Figure 2: An image during different stages of optimization with zoom (left), and an image inverted without zoom (right), for the Jay class of a robust ResNet-50.

2.3 Architectures for vision

We now present a brief overview of the three basic types of vision architectures that we will consider.

Convolutional Neural Networks (CNNs) have long been the standard in deep learning for computer vision (LeCun et al., 1989; Krizhevsky et al., 2012). Convolutional layers encourage a model to learn properties desirable for vision tasks, such as translation invariance. Numerous CNN models exist, mainly differing in the number, size, and arrangement of convolutional blocks and whether they include residual connections, Batch Normalization, or other modifications (He et al., 2016; Zagoruyko & Komodakis, 2016; Simonyan & Zisserman, 2014).

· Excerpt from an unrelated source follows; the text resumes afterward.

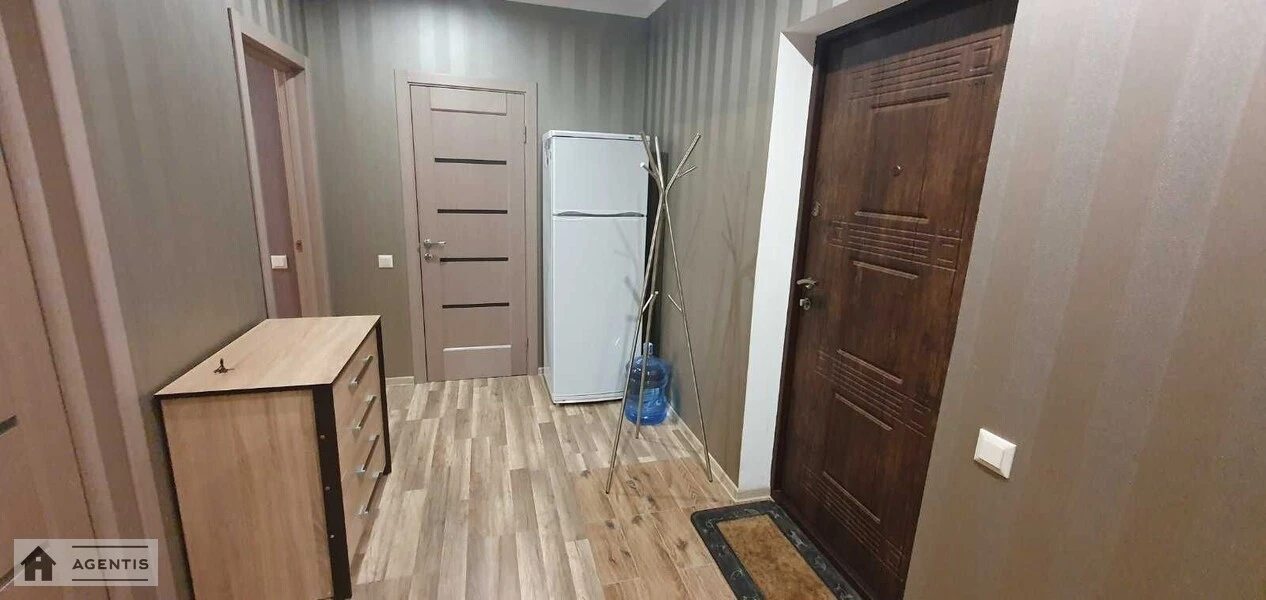 Сдам квартиру. 1 room, 51 m², 2nd floor/17 floors. 19, Академіка Вільямса вул. (Степана Рудницького), Киев.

Dosovitskiy et al. (2021) recently introduced Vision Transformers (ViTs), adapting the Transformer architectures commonly used in NLP (Vaswani et al., 2017). ViTs break input images into patches, combine them with positional embeddings, and use these as input tokens to self-attention modules. Some proposed variants require less training data (Touvron et al., 2021c), have convolutional inductive biases (d’Ascoli et al., 2021), or make other modifications to the attention modules (Chu et al., 2021; Liu et al., 2021b; Xu et al., 2021).

Subsequently, a number of authors have proposed vision models which are based solely on Multi-Layer Perceptrons (MLPs), using insights from ViTs (Tolstikhin et al., 2021; Touvron et al., 2021a; Liu et al., 2021a). Generally, these models use patch embeddings similar to ViTs and alternate channel-wise and patch-wise linear embeddings, along with non-linearities and normalization.

We emphasize that as the latter two architecture types are recent developments, our work is the first to study them in the context of model inversion.

3 Plug-In Inversion

Prior work on class inversion uses augmentations like jitter, which randomly shifts an image horizontally and vertically, and horizontal flips to improve the quality of inverted images (Mordvintsev et al., 2015; Yin et al., 2020). The hypothesis behind their use is that different views of the same image should result in similar scores for the target class. These augmentations are applied to the input before feeding it to the network, and different augmentations are used for each gradient step used to reconstruct $x$ . In this section, we explore additional augmentations that benefit inversion before describing how we combine them to form the PII algorithm.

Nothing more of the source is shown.